__Material for this task__
+===+
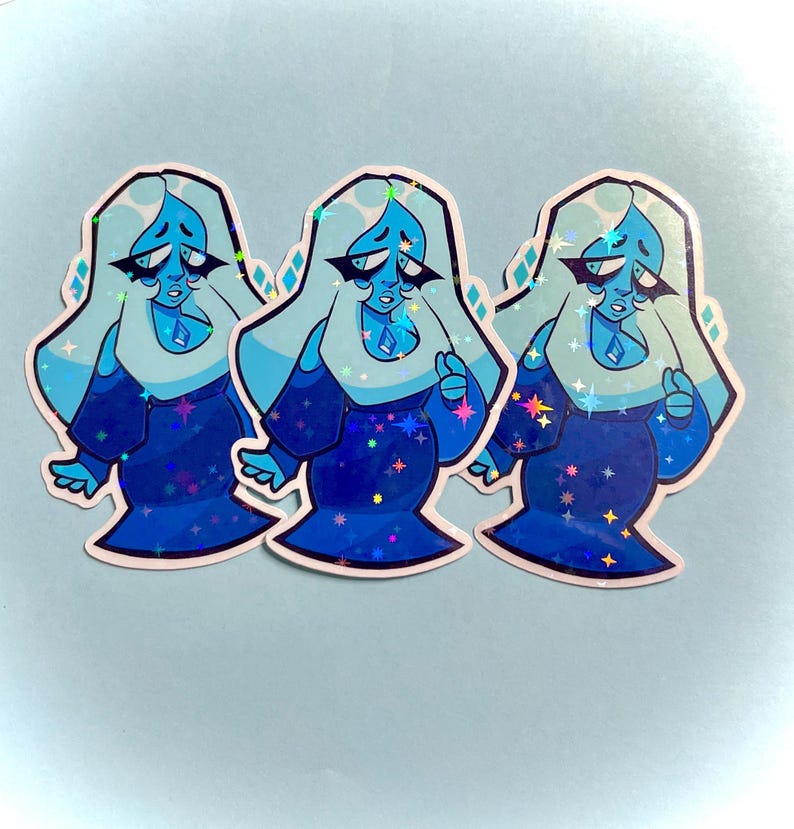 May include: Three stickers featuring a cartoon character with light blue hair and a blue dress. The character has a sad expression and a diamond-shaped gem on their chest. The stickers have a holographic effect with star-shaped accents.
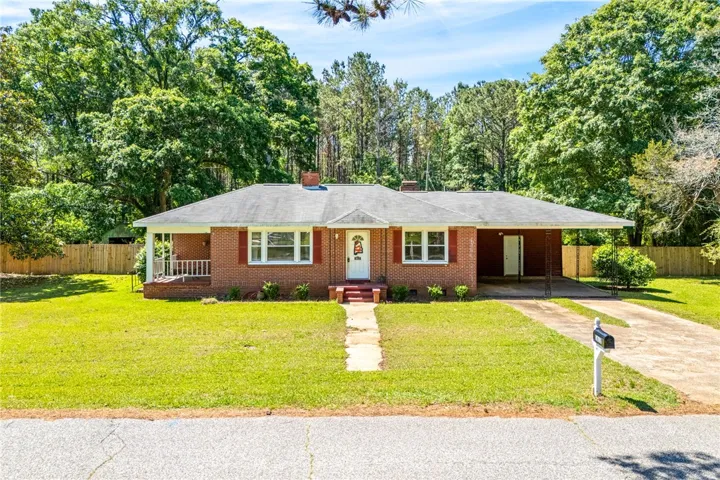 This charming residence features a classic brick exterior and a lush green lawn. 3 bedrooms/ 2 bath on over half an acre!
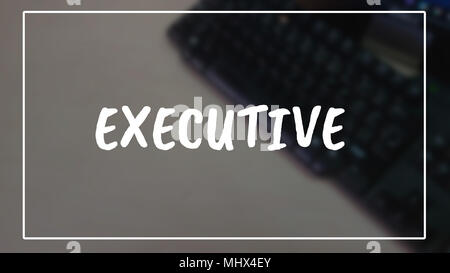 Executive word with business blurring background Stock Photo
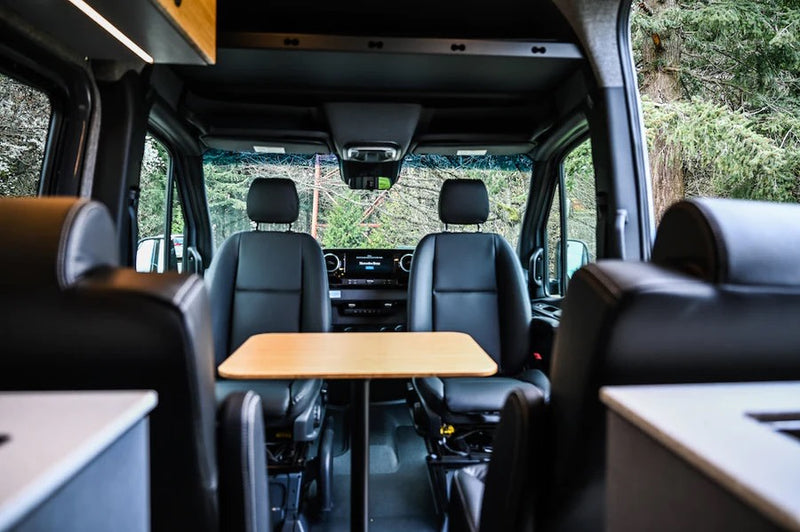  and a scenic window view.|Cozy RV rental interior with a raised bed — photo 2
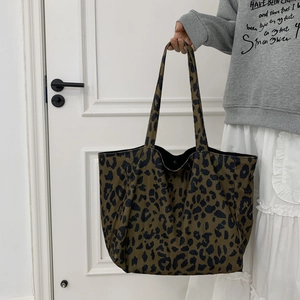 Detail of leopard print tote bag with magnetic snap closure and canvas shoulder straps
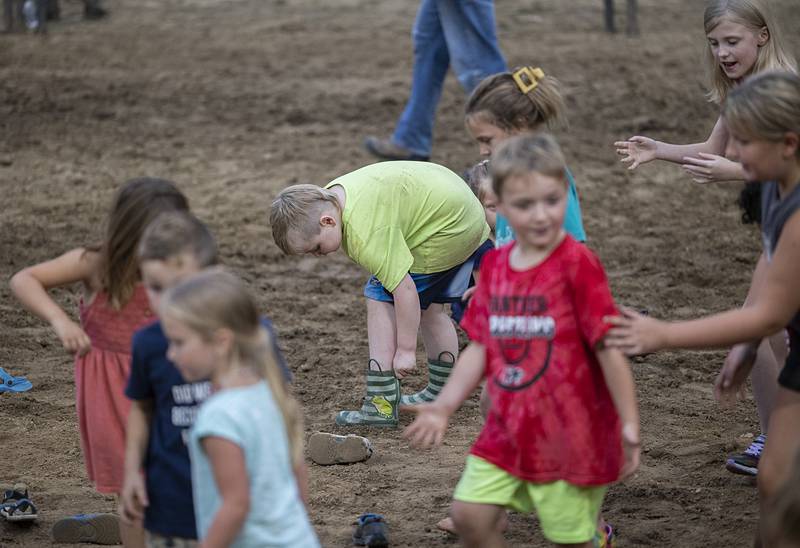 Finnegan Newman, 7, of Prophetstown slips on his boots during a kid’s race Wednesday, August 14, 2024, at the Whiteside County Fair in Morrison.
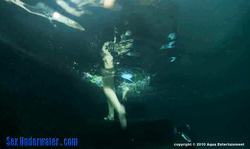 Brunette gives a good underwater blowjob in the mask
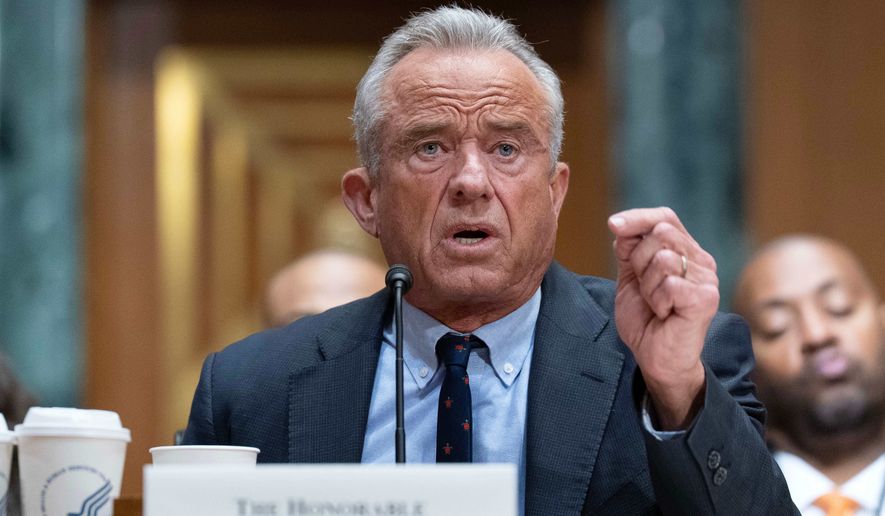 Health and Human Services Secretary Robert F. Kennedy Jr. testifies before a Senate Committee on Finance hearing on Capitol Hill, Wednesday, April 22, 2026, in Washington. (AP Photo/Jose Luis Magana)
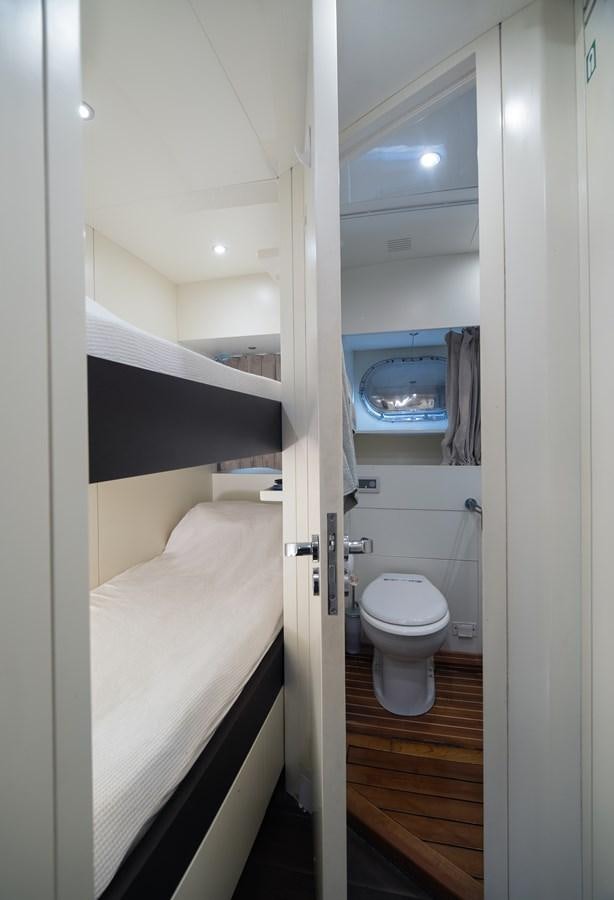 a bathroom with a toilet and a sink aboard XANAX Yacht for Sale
+===+
Exactly the lines from the one containing "Brunette gives a" through the last line of the data above should be output, both ends included, with every picture left out.

__Finished task__
 Brunette gives a good underwater blowjob in the mask
 Health and Human Services Secretary Robert F. Kennedy Jr. testifies before a Senate Committee on Finance hearing on Capitol Hill, Wednesday, April 22, 2026, in Washington. (AP Photo/Jose Luis Magana)
 a bathroom with a toilet and a sink aboard XANAX Yacht for Sale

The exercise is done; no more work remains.